UNITED STATES

SECURITIES AND EXCHANGE COMMISSION

Washington, D.C. 20549

 

FORM 8-K

 

CURRENT REPORT

 

PURSUANT TO SECTION 13 OR 15(d) OF THE

SECURITIES EXCHANGE ACT OF 1934

 

Date of Report (Date of earliest event reported) May 1, 2019

 

PERMA-FIX ENVIRONMENTAL SERVICES, INC.

 

(Exact name of registrant as specified in its charter)

 

Delaware   1-11596   58-1954497
(State or other jurisdiction
of incorporation)
  (Commission
File Number)
  (IRS Employer
Identification No.)

 

8302 Dunwoody Place, Suite 250, Atlanta, Georgia   30350
(Address of principal executive offices)   (Zip Code)

 

Registrant’s telephone number, including area code: (770) 587-9898

 

Not applicable

 

(Former name or former address, if changed since last report)

 

Check the appropriate box below if the Form 8-K filing is intended to simultaneously satisfy the filing obligation of the registrant under any of the following provisions:

 

[  ] Written communications pursuant to Rule 425 under the Securities Act
   
[  ] Soliciting material pursuant to Rule 14a-12 under the Exchange Act
   
[  ] Pre-commencement communications pursuant to Rule 14d-2(b) under the Exchange Act
   
[  ] Pre-commencement communications pursuant to Rule 13e-4(c) under the Exchange Act

 

Indicate by check mark whether the registrant is an emerging growth company as defined in Rule 405 of the Securities Act of 1933 or Rule 12b-2 of the Securities Exchange Act of 1934.

 

Emerging growth company [  ]

 

If an emerging growth company, indicate by check mark if the registrant has elected not to use the extended transition period for complying with any new or revised financial accounting standards provided pursuant to Section 13(a) of the Exchange Act [  ]

 

 

 

     

 

 

Item 1.01 – Entry into a Material Definitive Agreement.

 

On May 1, 2019, the Board of Directors of Perma-Fix Environmental Services, Inc., a Delaware corporation (the “Company”), approved a First Amendment to the Shareholder Rights Agreement dated May 2, 2018, between the Company and Continental Stock Transfer & Trust Company, as Rights Agent (the “Rights Agreement”), to extend the term of the Rights Agreement from May 2, 2019 to May 2, 2021. As a result of the First Amendment, the Rights Agreement will continue in effect until May 2, 2021 (the “Final Expiration Date”), unless the rights issued thereunder (“Rights”) have been previously redeemed, exchanged or amended, or prior to the Final Expiration Date the Rights have been terminated as a result of a merger or other acquisition transaction involving the Company pursuant to an agreement that has been approved by the Board prior to any Person (as defined in the Rights Agreement) becoming an Acquiring Person.
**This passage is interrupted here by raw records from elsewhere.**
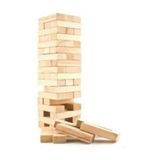 Star Ahşap Denge Oyunu Jenga
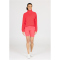 Athlecia Sharma 1/2-Zip Laufjacke Damen 4226 - teaberry 34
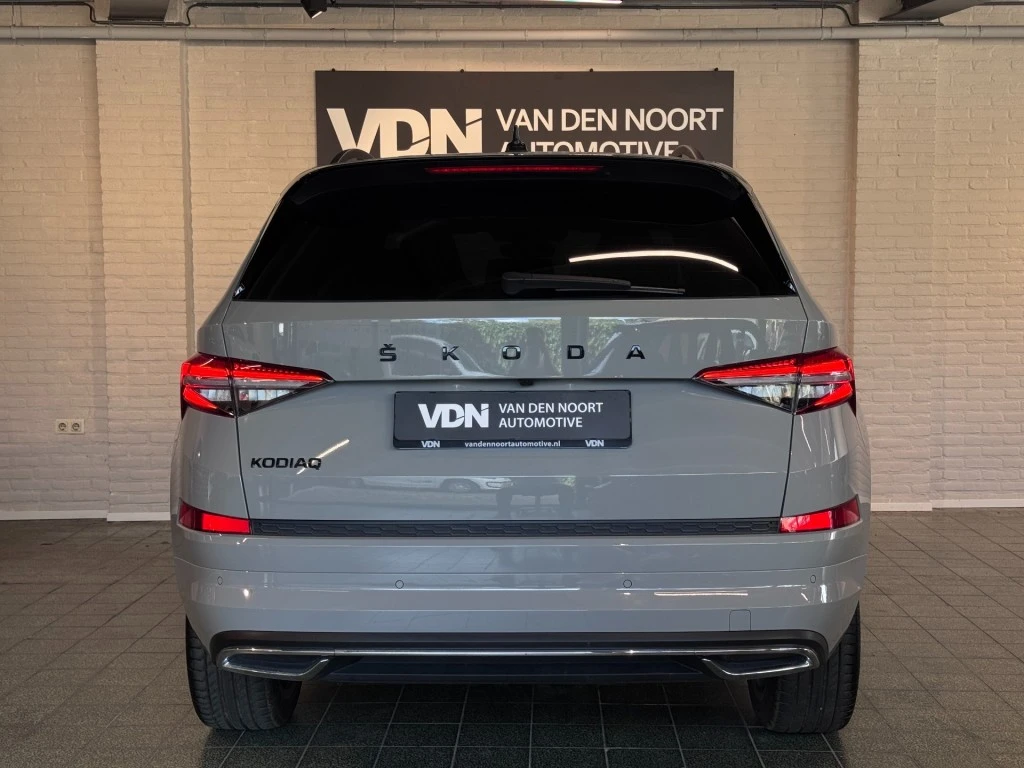 Škoda Kodiaq – foto 3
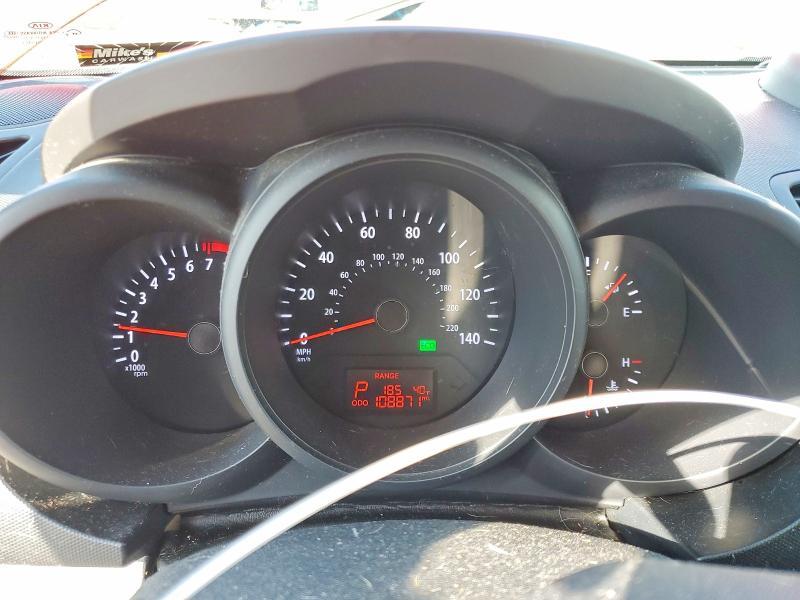 2013 KIA Soul Base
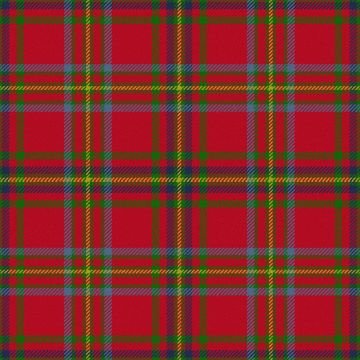 West Virginia Old Shawl Tartan Kilt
Except for the extension of the Final Expiration Date of the Rights Agreement from May 2, 2019 to May 2, 2021, the other terms and conditions of the Rights Agreement remain unchanged.

 

A copy of the First Amendment is attached to this Current Report on Form 8-K as Exhibit 4.2 and is incorporated by reference herein. The foregoing description of the First Amendment is qualified in its entirety by reference to Exhibit 4.2.

 

Item 3.03 – Material Modification to Rights of Security Holders.

 

The information set forth under “Item 1.01. Entry into a Material Definitive Agreement” of this Current Report on Form 8-K with respect to the amendment of the Company’s Shareholder Rights Agreement is incorporated into this Item 3.03 by reference.

 

Item 7.01 – Regulation FD Disclosure.

 

On May 3, 2019, the Company issued a press release announcing the extension of the term of the Rights Agreement. A copy of the press release is attached hereto as Exhibit 99.1 and is incorporated herein by reference.

 

In accordance with General Instruction B.2 of Form 8-K, the information in this Item 7.01 and Exhibit 99.1 incorporated into this Form 8-K shall not be deemed “filed” for purposes of Section 18 of the Securities Exchange Act of 1934 (the “Exchange Act”) or otherwise subject to the liabilities of that section, nor shall such information, including Exhibit 99.1, be deemed incorporated by reference into any filing under the Securities Act of 1933 or the Exchange Act, except as shall be expressly set forth by specific reference in such filing.

 

Item 9.01 – Financial Statements and Exhibits.

 

(d) Exhibits.

 

4.1   Shareholder Rights Agreement, dated and effective as of May 2, 2018, between Perma-Fix Environmental Services, Inc. and Continental Stock Transfer & Trust Company as Rights Agent (incorporated by reference to Exhibit 4.1 to the Company’s Current Report on Form 8-K filed with the Securities and Exchange Commission on May 2, 2018).
     
4.2   First Amendment to Shareholder Rights Agreement, dated May 2, 2019, between Perma-Fix Environmental Services, Inc. and Continental Stock Transfer & Trust Company as Rights Agent.
     
99.1   Press Release of Perma-Fix Environmental Services, Inc., dated May 3, 2019.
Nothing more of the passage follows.